* [Raw data]

=== Section Start ===

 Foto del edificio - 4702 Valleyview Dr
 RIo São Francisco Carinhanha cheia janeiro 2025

=== Section End ===
=== Section Start ===

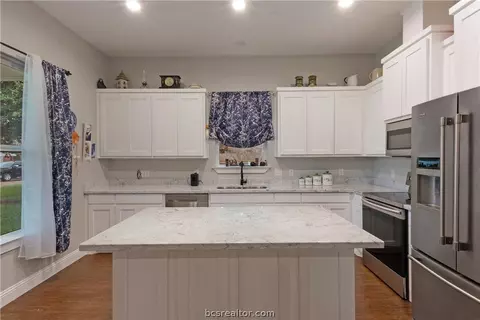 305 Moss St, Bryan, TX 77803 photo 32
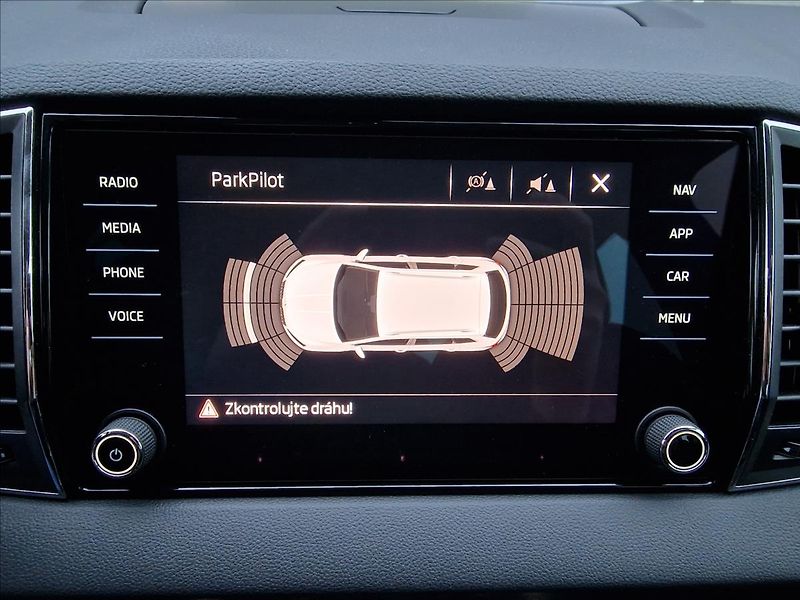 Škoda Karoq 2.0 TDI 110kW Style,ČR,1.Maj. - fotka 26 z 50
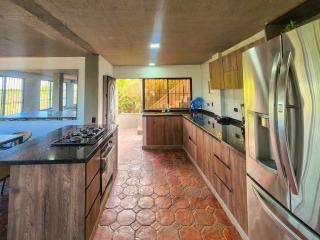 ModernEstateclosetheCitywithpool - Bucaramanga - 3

=== Section End ===
=== Section Start ===

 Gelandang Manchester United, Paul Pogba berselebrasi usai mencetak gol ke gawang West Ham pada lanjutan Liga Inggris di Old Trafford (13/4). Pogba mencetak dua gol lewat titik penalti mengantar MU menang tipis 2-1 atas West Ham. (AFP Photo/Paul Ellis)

=== Section End ===

* [Task instructions] The reply should consist solely of the lines above from the one that has "Foto del edificio - 4702 Valleyview Dr" through the one that has "RIo São Francisco", reproduced exactly.

* [Reply]
 Foto del edificio - 4702 Valleyview Dr
 RIo São Francisco Carinhanha cheia janeiro 2025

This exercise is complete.